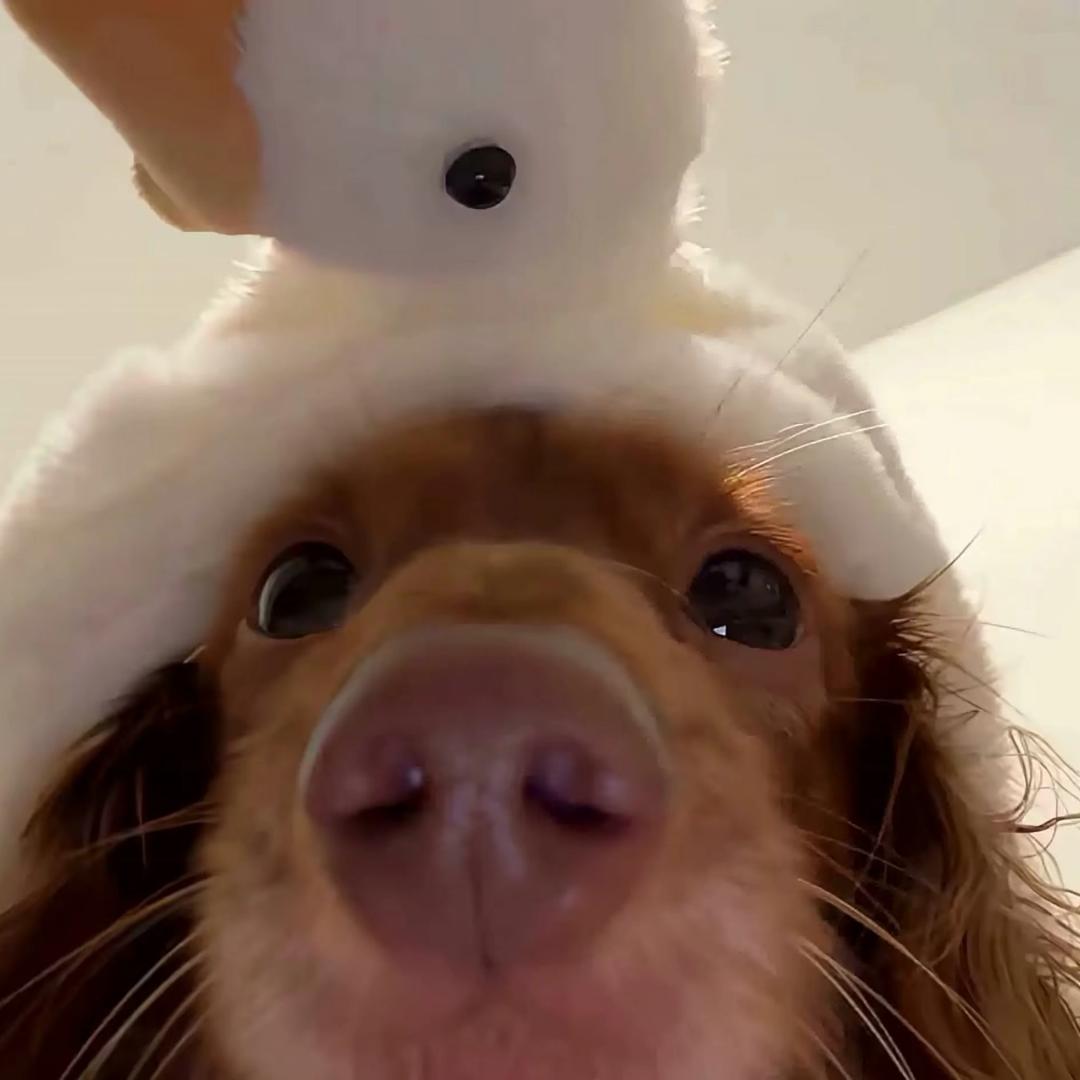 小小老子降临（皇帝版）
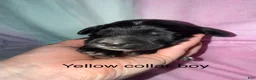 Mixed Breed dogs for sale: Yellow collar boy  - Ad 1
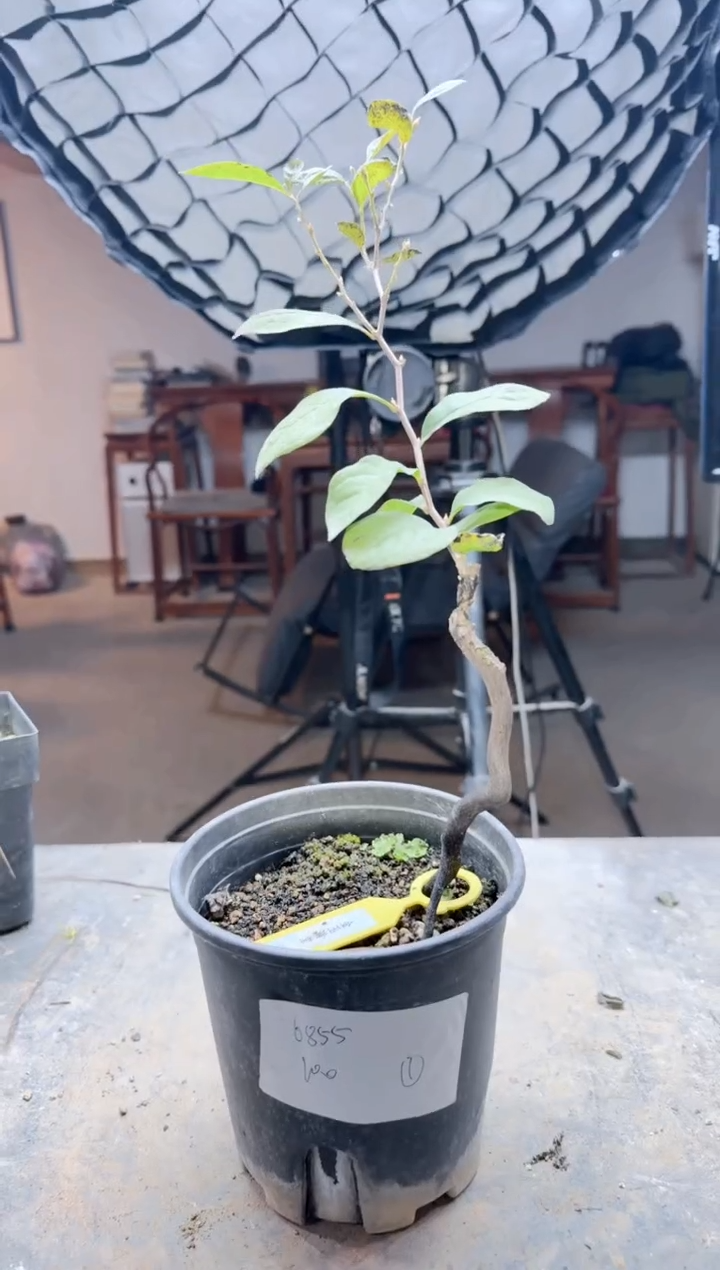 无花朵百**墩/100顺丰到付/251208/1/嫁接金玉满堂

• _About this task_
Give the data above again, exactly and completely. No pictures go in.

• _Answer for the task_
 小小老子降临（皇帝版）
 Mixed Breed dogs for sale: Yellow collar boy  - Ad 1
 无花朵百**墩/100顺丰到付/251208/1/嫁接金玉满堂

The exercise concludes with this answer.